Admittedly, I am moved to write on this topic by a line in an article I recently read: “…with automated machine learning, anyone in the federal government can operate as a data scientist, leveraging the predictive models and insights data can provide.” That’s a big statement, and one I’ll dispute.
When I began my career in the data science field almost 20 years ago, the term “data science” did not exist. Back then, resource managers worked with dawning realization that their growing stash of operational data, if analyzed properly, was the key to better decision making. Thus I became acquainted with the field of Operations Research. In my newly minted job as an Operations Research Analyst, I combined knowledge about how a business worked with its (often poor quality) data and applied what was then referred to as computational science to deliver analytical products. Yesterday’s analyst (today’s Data Scientist) selected the best computational methods for the data and business problem and then delivered decision support products that informed the decision-making customer. The analysts were the practitioners and the computational methods were the tools of their trade.
Today, computational methods have advanced and become more accessible, but the analytics value proposition has not changed. Highly skilled individuals are still needed for reasons a software tool can’t (yet at least) replace: understanding a business’s complexities, including enterprise data architectures; selecting the right tools for the most accurate, insightful analysis; and developing high-impact analytic products, tailored to the problem being solved. Although marketing and hype about plug-and-play AI provides dazzling demonstrations for senior executives to sit through, the tools are not an end in themselves––the proper goal is a complete analytical package underpinned by the data scientist’s expertise.

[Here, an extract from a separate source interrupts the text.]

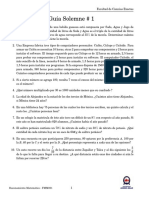 Guía Solemne #1 de Matemáticas con Problemas de Mezclas, Producción, Números, Edad, Biblioteca, Matrícula, Salitre y Distancia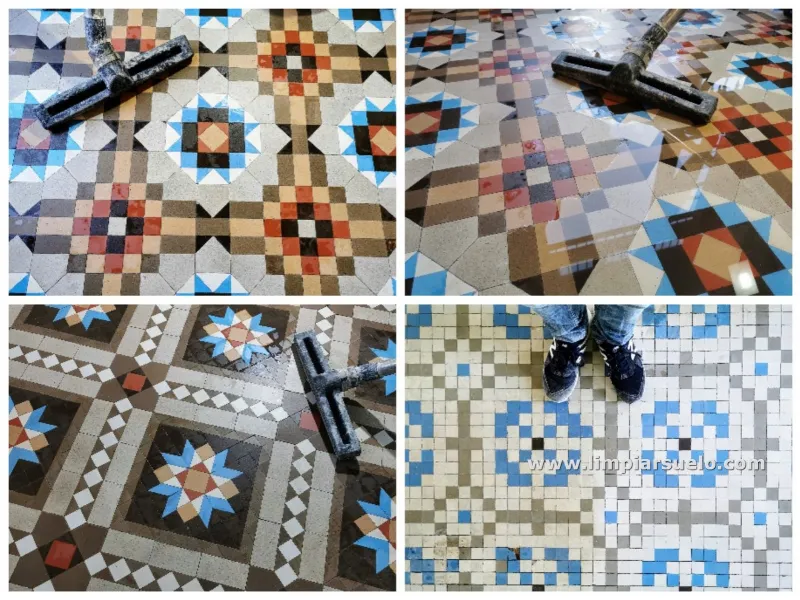 Limpiar suelo de mosaico en Barcelona Limpiarsuelo.com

While plug-and-play machine learning and AI tools can undeniably increase a skilled analyst’s efficiency, they remain the enablers of analytic value, not the source of it. For that, we still need data scientists to bring a range of abilities to the task, chief among them the ability to wrangle messy data. Data wrangling is hard, time-consuming work, the essential starting point of any credible analysis. And as with most things in life, cutting corners doesn’t pay in the end. According to Gartner, trying to get by with poor quality data costs the average organization $9.7 million per year.
In addition, the automated features of plug-and-play tools can be outright dangerous in the hands of unskilled users, who can all too easily draw inappropriate analytical conclusions from enterprise data. A common example is spurious correlation, in which a causal relationship between variables is wrongly inferred. Such lack of analytical expertise leads to counter-productive decision making, just as surely as two and two make four.
Ironically, plug-and-play software makers may be trying to capitalize on skipping the expert analyst because data scientists are in high demand and short supply. The educational pipeline is struggling to keep up, given that data scientist is the top job opening among online job sites, and demand shows no sign of letting up (https://www.infoworld.com/article/3190008/big-data/3-reasons-why-data-scientist-remains-the-top-job-in-america.html). If waving off the data scientist is really the way to go, why were over 13,700 positions open last year?
I say it’s best to ramp up educational opportunities and keep the expertise flowing.